Would you copy only the lines below, from the one containing "Nike 2024-25 Corinthians" through the very last one, leaving the pictures out?

Image-text web data
[Start of Attachment]

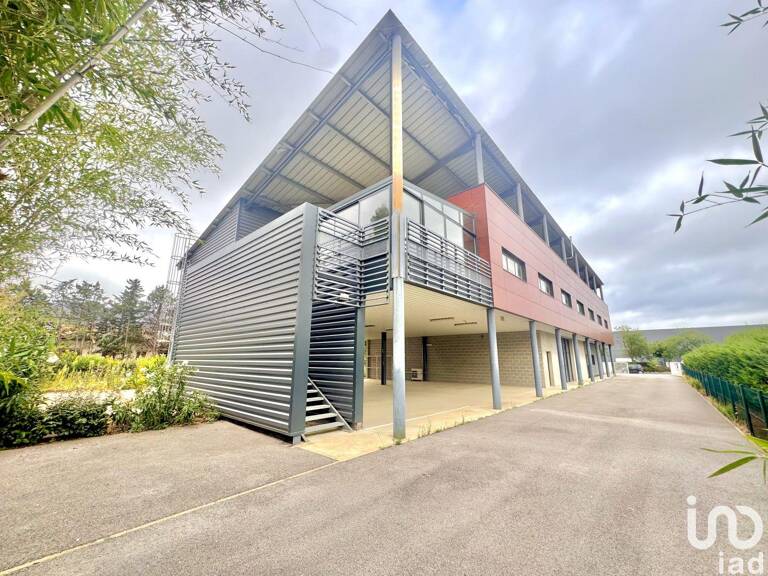 Vente Murs commerciaux 941 m&sup2; — photo 1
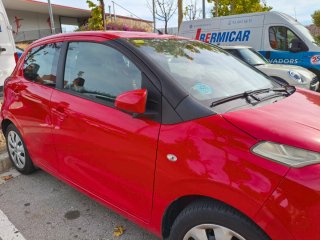 Citroën C1 feel 2016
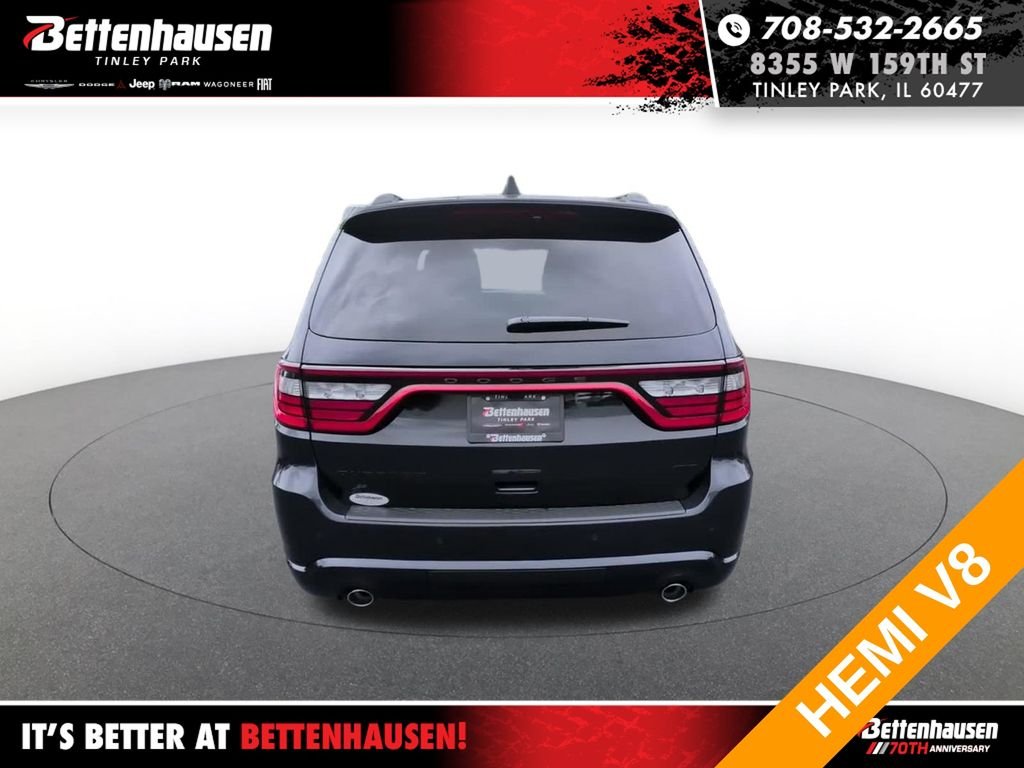 New 2026 Night Moves Dodge GT HEMI V8 image 9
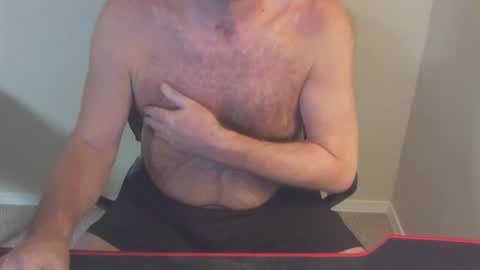 77rockman online show from January 10, 2:14 am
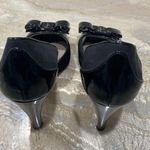 Salvatore Ferragamo Women Heels Shoes Size 6 Photo 6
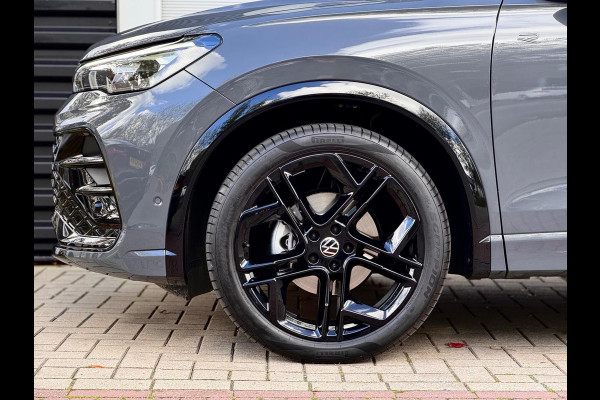 Volkswagen Tiguan 1.5 eTSI R-Line Edition Pano/360/Massage Volkswagen Tiguan 1.5 eTSI R-Line Edition Pano/360/Massage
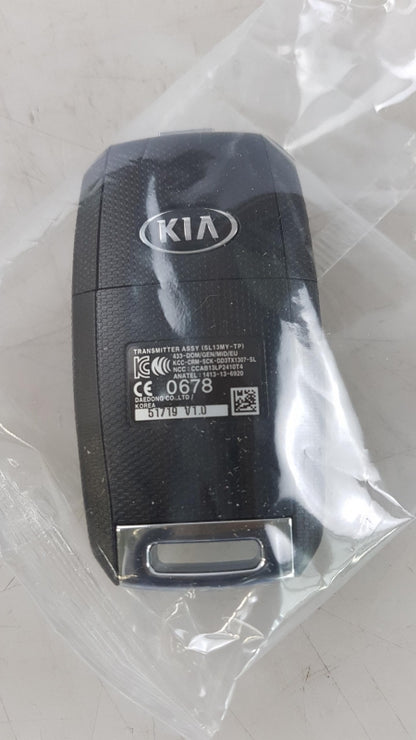 Original KIA Sportage 2014- Funkfernbedienung Keyless 954303W200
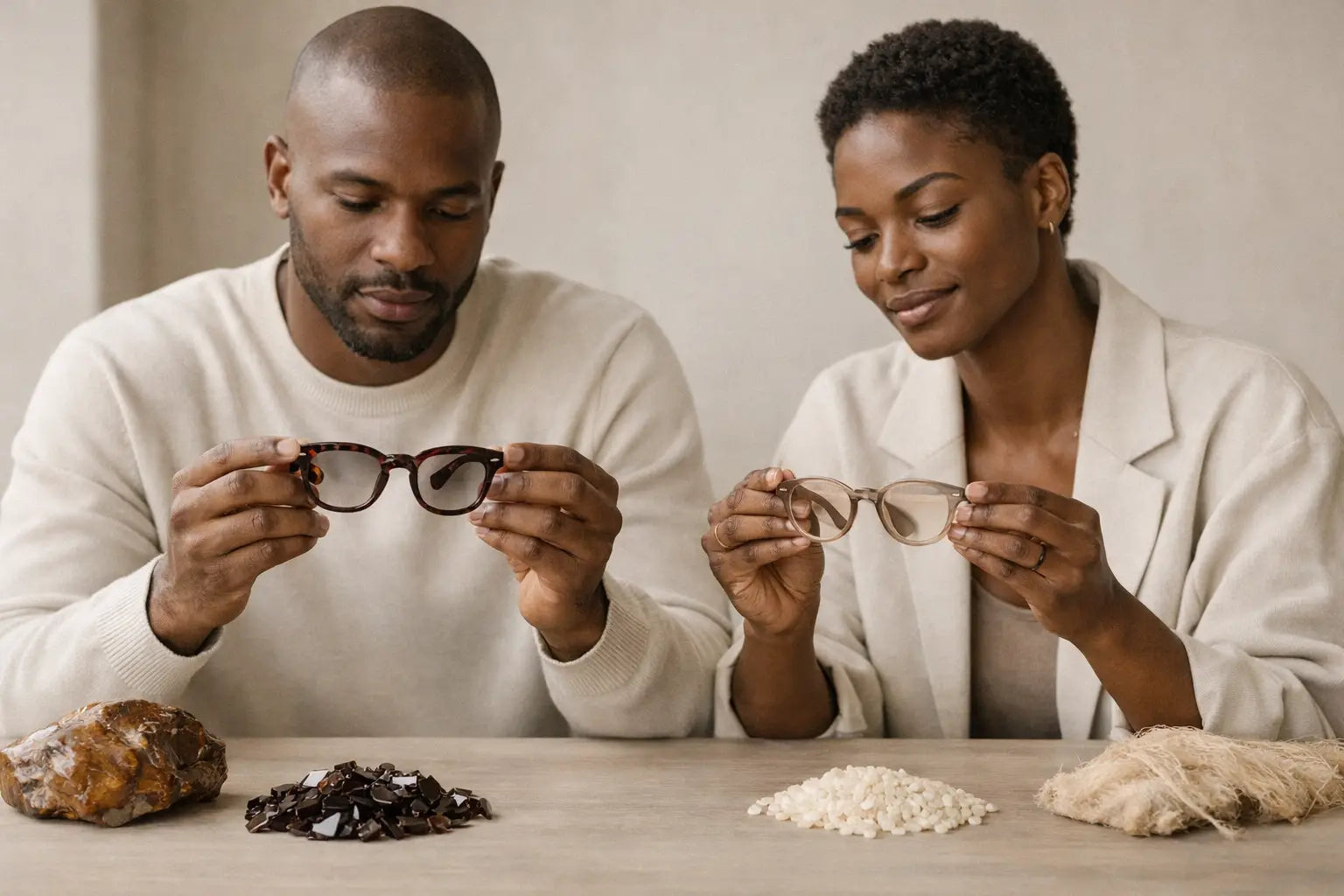 Italian Acetate Versus Bio Acetate: Which Fits?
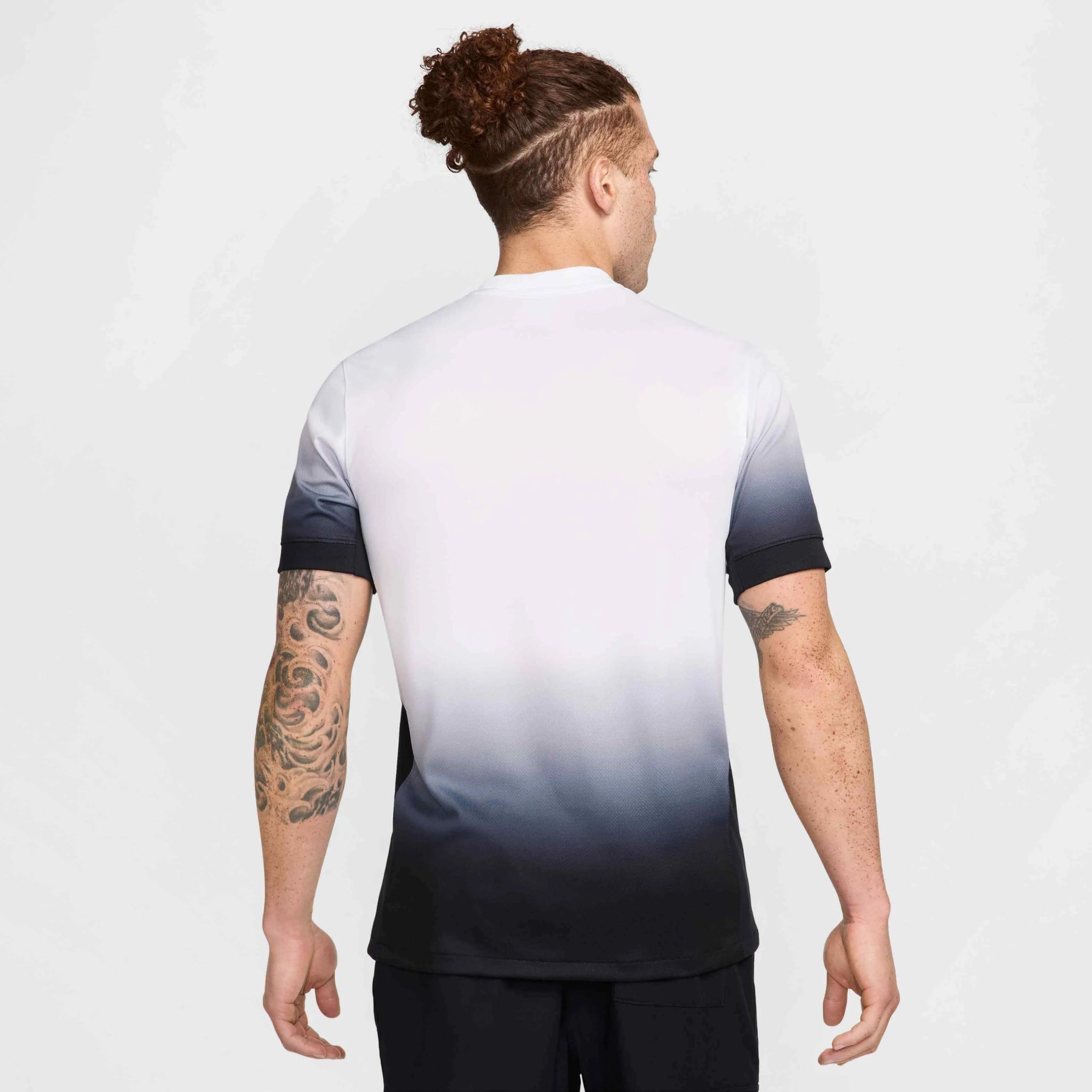 Nike 2024-25 Corinthians Men's Stadium Home Jersey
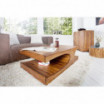 Stolik kawowy Soa 120 cm sheesham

[End of Attachment]

= Task response =
 Nike 2024-25 Corinthians Men's Stadium Home Jersey
 Stolik kawowy Soa 120 cm sheesham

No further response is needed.